Manual failover: 5 minutes, tops

# On Site B — manual failover script
cat > /usr/local/bin/manual-failover << 'SCRIPT'
#!/bin/bash
set -euo pipefail

echo "=== Manual Failover to Site B ==="
echo ""

# Step 1: Check replication status
echo "Last snapshot received:"
zfs list -t snapshot -r rpool/services -o name,creation -s creation | tail -5
echo ""

# Step 2: Promote this site to primary
echo "Starting services on Site B..."
systemctl start nginx postgresql app-server

# Step 3: Update DNS
echo "Update DNS to point to Site B's IP:"
echo "  app.example.com → $(curl -s ifconfig.me)"
echo ""
echo "Or use the Cloudflare API:"
echo "  curl -X PUT 'https://api.cloudflare.com/client/v4/zones/ZONE/dns_records/RECORD' \\"
echo "    -H 'Authorization: Bearer TOKEN' \\"
echo "    -d '{\"type\":\"A\",\"name\":\"app.example.com\",\"content\":\"$(curl -s ifconfig.me)\",\"ttl\":60}'"
echo ""
echo "=== Site B is now primary ==="
SCRIPT
chmod +x /usr/local/bin/manual-failover

BMaaS is the concept that makes multi-site kldload unique. Traditional cloud: you rent a VM 24/7 and pay whether you use it or not. BMaaS: you rent bare metal by the hour (OVH, Hetzner), zfs send your environment to it in the morning, work all day, zfs send the delta home at night, return the server. Tomorrow, send a different environment to a different server. The hardware is interchangeable — your data lives in ZFS snapshots, not on any particular machine. This inverts the cloud model: instead of your data living in someone else's data center permanently, your data lives at home and you temporarily deploy it to rented compute.

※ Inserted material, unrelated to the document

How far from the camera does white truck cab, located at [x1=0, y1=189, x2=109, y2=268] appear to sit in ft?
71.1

Step 4: BMaaS — Bare Metal as a Service

This is the part that makes cloud architects do a double-take. Use ZFS snapshots to run completely different environments on the same hardware at different times of day. Production during business hours. ML training overnight. Clean slate every morning. One server, two completely different workloads, zero waste. The cloud providers charge you for 24 hours even when you only use 8. We just... turn it off.

The daily cycle

# Create base snapshots (one-time setup)
# Production base: OS + services configured, no customer data
zfs snapshot -r rpool@clean-base

# ML training base: CUDA drivers, training frameworks, no data
zfs snapshot -r rpool@ml-training-base

# /usr/local/bin/bmaas-scheduler
cat > /usr/local/bin/bmaas-scheduler << 'SCRIPT'
#!/bin/bash
set -euo pipefail

LOG_TAG="bmaas"
log() { logger -t "$LOG_TAG" "$*"; echo "[$(date '+%H:%M:%S')] $*"; }

ACTION="${1:-status}"

case "$ACTION" in
    deploy-production)
        log "=== Deploying production environment ==="

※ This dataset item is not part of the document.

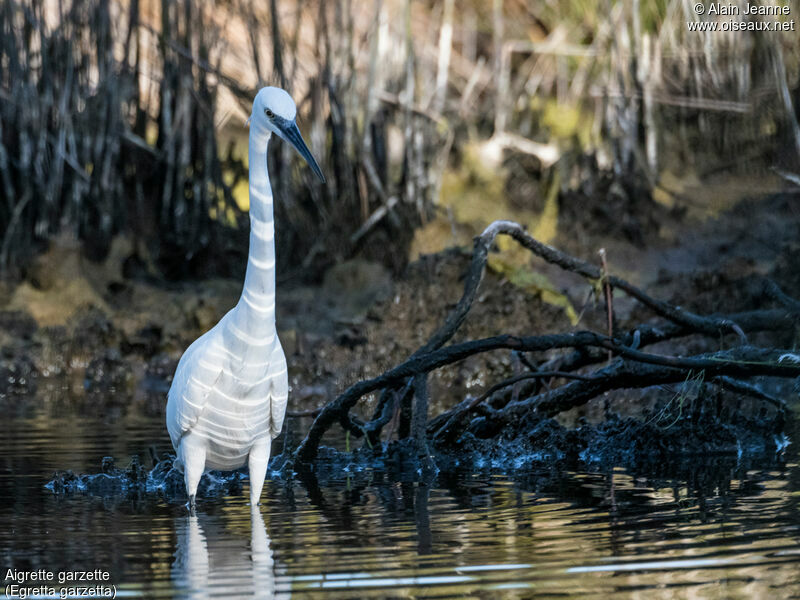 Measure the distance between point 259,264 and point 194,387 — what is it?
66 cm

        # Rollback to clean base
        log "Rolling back to clean-base snapshot..."
        zfs rollback -r rpool@clean-base

        # Deploy current production config
        log "Running Ansible deployment..."
        ansible-playbook -i /srv/ansible/inventory \
            /srv/ansible/deploy-production.yml

        # Start services
        log "Starting production services..."
        systemctl start nginx postgresql redis app-server

        # Update DNS / floating IP
        /usr/local/bin/failover-become-master

        log "=== Production environment ready ==="
        ;;

    teardown-production)
        log "=== Tearing down production ==="

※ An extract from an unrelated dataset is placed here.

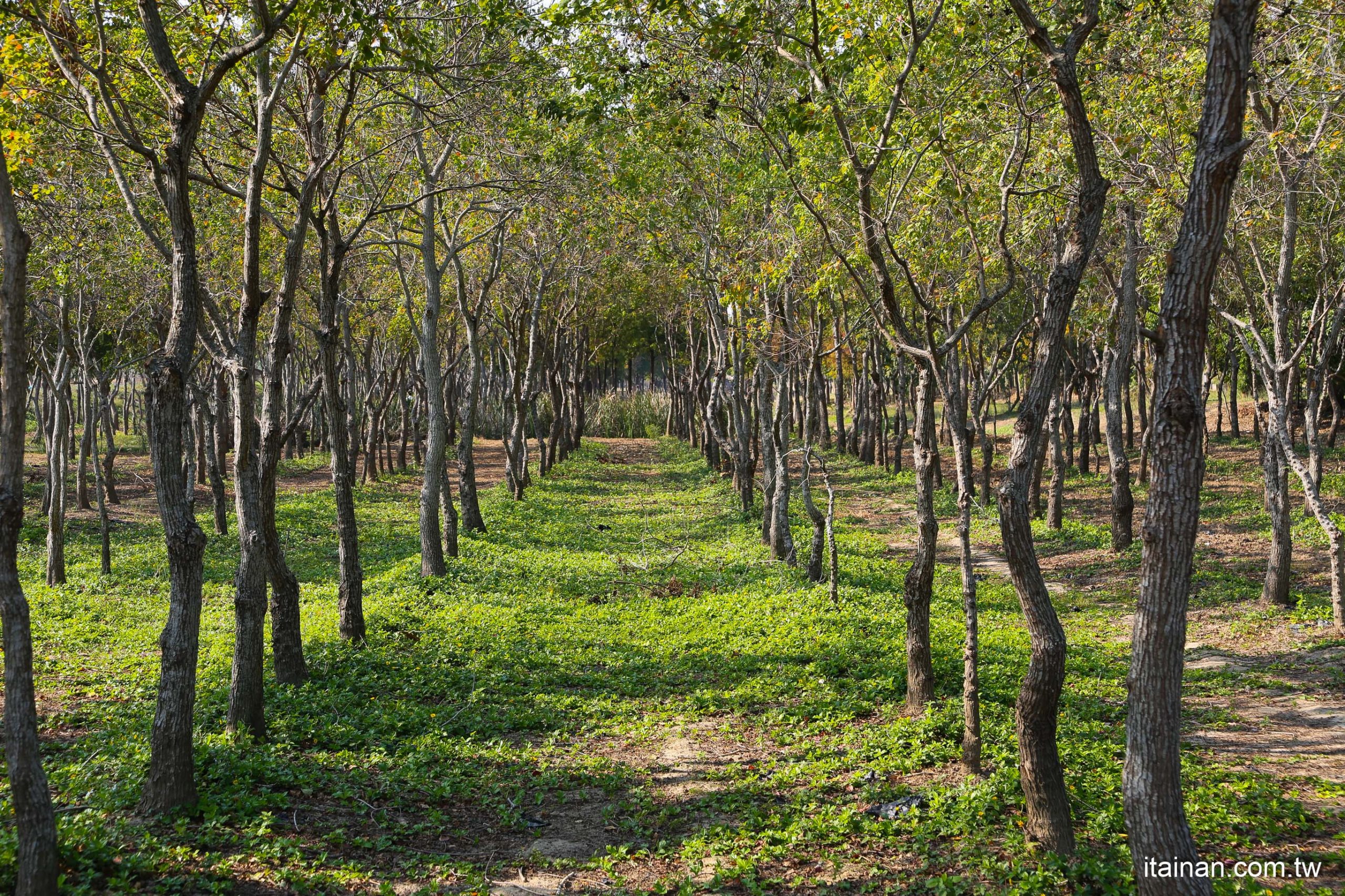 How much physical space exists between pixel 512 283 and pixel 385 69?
21.9 m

        # Stop services gracefully
        log "Stopping services..."
        systemctl stop app-server redis postgresql nginx

        # Replicate today's data to home lab before teardown
        log "Replicating data to home lab..."
        syncoid --recursive --no-sync-snap \
            rpool/data "10.10.0.3:rpool/archive/$(date +%Y%m%d)/data"
        syncoid --recursive --no-sync-snap \
            rpool/services/db "10.10.0.3:rpool/archive/$(date +%Y%m%d)/db"

        # Rollback to clean base
        log "Rolling back to clean-base..."
        zfs rollback -r rpool@clean-base

        log "=== Teardown complete — hardware is clean ==="
        ;;

    deploy-ml)
        log "=== Deploying ML training environment ==="

        zfs rollback -r rpool@ml-training-base

        # Pull latest training data from home lab
        log "Syncing training data..."
        syncoid --recursive --no-sync-snap \
            "10.10.0.3:rpool/ml/datasets" rpool/ml/datasets

        # Start training
        log "Launching training jobs..."
        /srv/ml/start-training.sh

        log "=== ML environment running ==="
        ;;

    teardown-ml)
        log "=== Tearing down ML environment ==="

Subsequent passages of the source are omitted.